If you are staying with your parents, where do you mark the window of tolerance with them?
If you love eating food, can you eat the same dish every day?
If you trust your best friend blindly, how far would your tolerance window go to help them?
If you are a fitness freak, how many days can you go without exercising?
In a relationship, do you have rules of dos and don’ts with your partner?
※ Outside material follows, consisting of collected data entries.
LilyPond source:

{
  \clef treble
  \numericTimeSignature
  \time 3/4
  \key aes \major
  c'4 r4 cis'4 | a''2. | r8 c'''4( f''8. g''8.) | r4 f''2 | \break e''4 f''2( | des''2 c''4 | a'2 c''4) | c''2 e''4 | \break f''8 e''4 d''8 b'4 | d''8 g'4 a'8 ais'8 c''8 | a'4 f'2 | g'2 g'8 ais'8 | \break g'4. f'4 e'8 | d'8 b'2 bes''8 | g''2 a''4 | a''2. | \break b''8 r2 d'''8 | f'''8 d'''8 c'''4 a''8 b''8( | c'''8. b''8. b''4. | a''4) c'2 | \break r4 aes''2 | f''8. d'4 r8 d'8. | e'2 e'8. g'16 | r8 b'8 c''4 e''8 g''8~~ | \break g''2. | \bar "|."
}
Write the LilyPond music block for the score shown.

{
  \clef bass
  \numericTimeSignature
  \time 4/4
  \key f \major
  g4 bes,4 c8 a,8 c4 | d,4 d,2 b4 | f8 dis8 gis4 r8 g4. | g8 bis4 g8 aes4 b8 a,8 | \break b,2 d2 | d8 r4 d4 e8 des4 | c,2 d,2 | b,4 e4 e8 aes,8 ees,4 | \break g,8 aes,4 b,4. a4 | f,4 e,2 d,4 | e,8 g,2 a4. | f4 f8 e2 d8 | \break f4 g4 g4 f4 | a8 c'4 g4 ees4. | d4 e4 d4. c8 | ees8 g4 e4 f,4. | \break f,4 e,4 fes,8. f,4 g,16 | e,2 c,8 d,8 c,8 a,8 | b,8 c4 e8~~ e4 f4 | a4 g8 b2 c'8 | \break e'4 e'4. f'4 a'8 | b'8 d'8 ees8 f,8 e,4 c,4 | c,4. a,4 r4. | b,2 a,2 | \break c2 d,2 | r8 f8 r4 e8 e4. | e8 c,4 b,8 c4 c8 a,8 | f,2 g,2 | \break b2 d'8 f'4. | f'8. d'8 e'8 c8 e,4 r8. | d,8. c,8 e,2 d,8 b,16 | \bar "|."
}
If not, are you OK with them cheating on you?
We all have a tolerance window in every aspect of our lives where things stay optimal and balanced.
We all practice the idea of a window of tolerance in our daily schedule.
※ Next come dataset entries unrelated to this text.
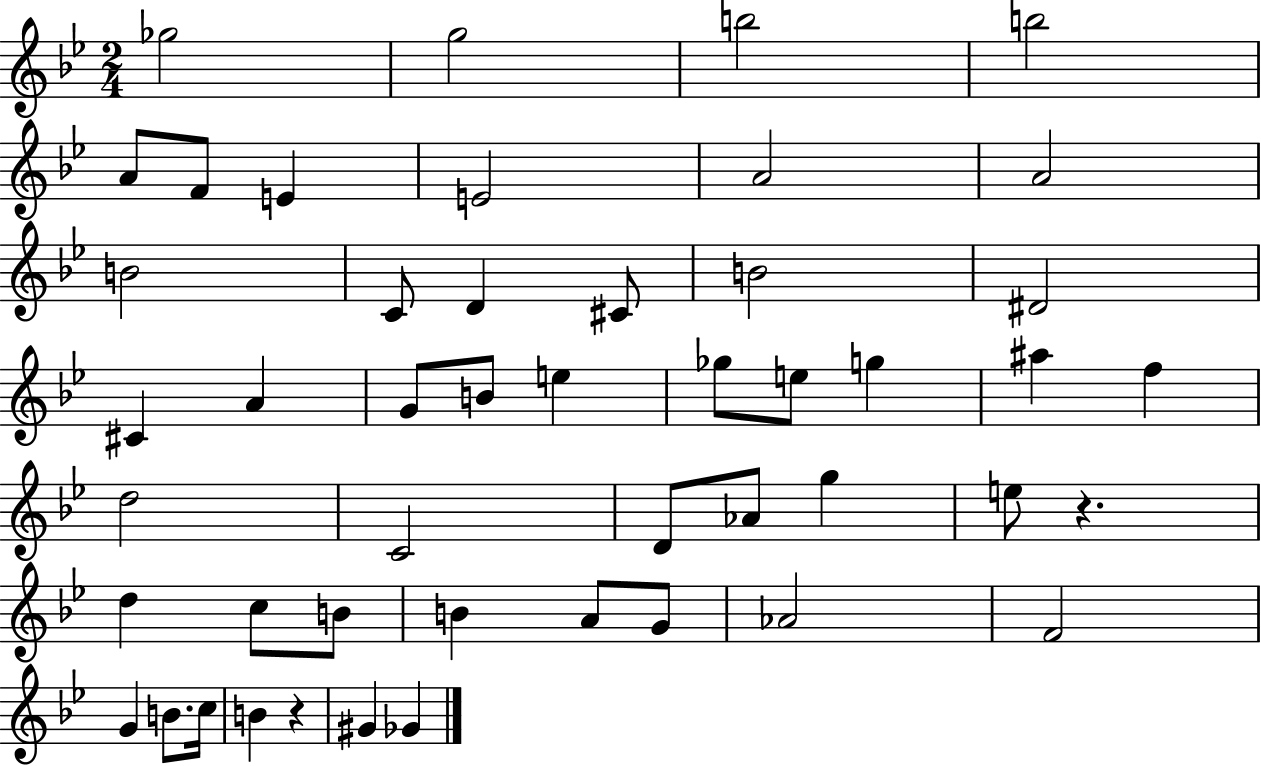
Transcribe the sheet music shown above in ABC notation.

X:1
T:Untitled
M:2/4
L:1/4
K:Bb
_g2 g2 b2 b2 A/2 F/2 E E2 A2 A2 B2 C/2 D ^C/2 B2 ^D2 ^C A G/2 B/2 e _g/2 e/2 g ^a f d2 C2 D/2 _A/2 g e/2 z d c/2 B/2 B A/2 G/2 _A2 F2 G B/2 c/4 B z ^G _G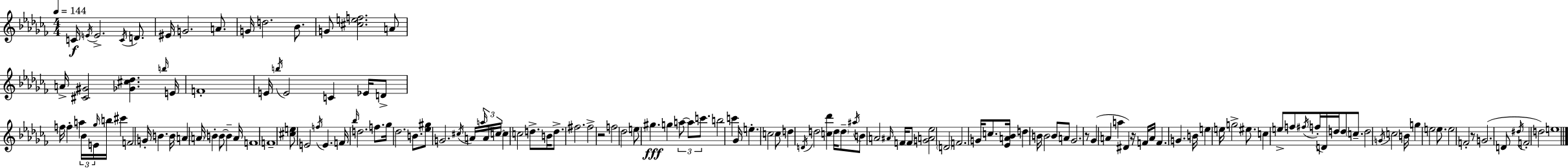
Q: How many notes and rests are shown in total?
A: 150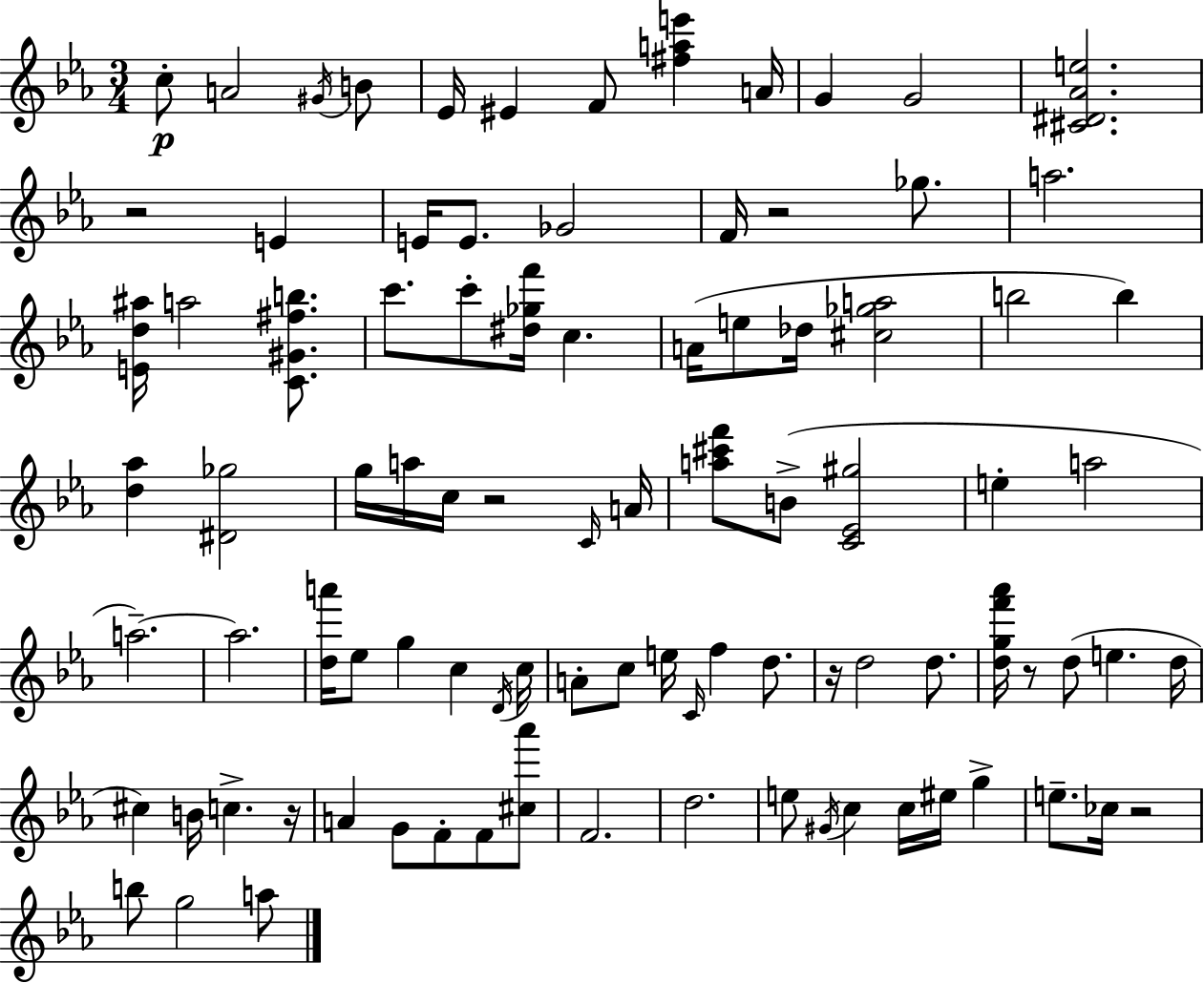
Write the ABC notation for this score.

X:1
T:Untitled
M:3/4
L:1/4
K:Cm
c/2 A2 ^G/4 B/2 _E/4 ^E F/2 [^fae'] A/4 G G2 [^C^D_Ae]2 z2 E E/4 E/2 _G2 F/4 z2 _g/2 a2 [Ed^a]/4 a2 [C^G^fb]/2 c'/2 c'/2 [^d_gf']/4 c A/4 e/2 _d/4 [^c_ga]2 b2 b [d_a] [^D_g]2 g/4 a/4 c/4 z2 C/4 A/4 [a^c'f']/2 B/2 [C_E^g]2 e a2 a2 a2 [da']/4 _e/2 g c D/4 c/4 A/2 c/2 e/4 C/4 f d/2 z/4 d2 d/2 [dgf'_a']/4 z/2 d/2 e d/4 ^c B/4 c z/4 A G/2 F/2 F/2 [^c_a']/2 F2 d2 e/2 ^G/4 c c/4 ^e/4 g e/2 _c/4 z2 b/2 g2 a/2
I came across this term while reading an article on psychological behavior, but this idea hit me as our general problem and how we are all connected to the term ‘window of tolerance’ throughout.
And that brings us to…
What is a window of tolerance?
The Dan Siegel window of tolerance is a theory that revolves around the idea that every human has a defined territory where they are comfortable with the experiences they receive.
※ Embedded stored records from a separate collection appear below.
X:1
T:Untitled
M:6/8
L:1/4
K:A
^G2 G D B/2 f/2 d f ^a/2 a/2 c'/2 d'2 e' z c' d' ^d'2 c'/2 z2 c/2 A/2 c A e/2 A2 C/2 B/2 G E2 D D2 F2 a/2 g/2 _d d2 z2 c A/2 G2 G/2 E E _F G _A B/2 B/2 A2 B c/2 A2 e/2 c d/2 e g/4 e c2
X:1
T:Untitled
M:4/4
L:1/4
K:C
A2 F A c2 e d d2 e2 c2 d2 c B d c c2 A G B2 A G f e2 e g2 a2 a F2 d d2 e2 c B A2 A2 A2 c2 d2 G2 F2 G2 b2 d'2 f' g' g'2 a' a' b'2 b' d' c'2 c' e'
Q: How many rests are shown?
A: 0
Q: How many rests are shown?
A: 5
This is the optimal arousal zone where the person stays relaxed and stress-free taking good care of themselves.
In simple terms, let’s say you are thirsty and you get a glass of water.
That’s where the range of your window of tolerance starts.
You might be able to drink up to three, four, or even five glasses of water.
That’s where it ends.
So the range of your window of tolerance becomes 1-5.
Some can be fine with half a glass or can even go six.
The idea is when one exists within the window of tolerance, they function their best. And if the situation compels them to move out of this window they become hyper or hypo aroused.
So let’s understand how to expand window of tolerance!
What impacts the window of tolerance
Let’s say your window of tolerance in drinking water is 1-5, if you haven’t had water in like five hours, your tolerance range can shift to 3-5 or 2-7.
The number might differ from person to person. But the root cause was staying thirsty for the past five hours.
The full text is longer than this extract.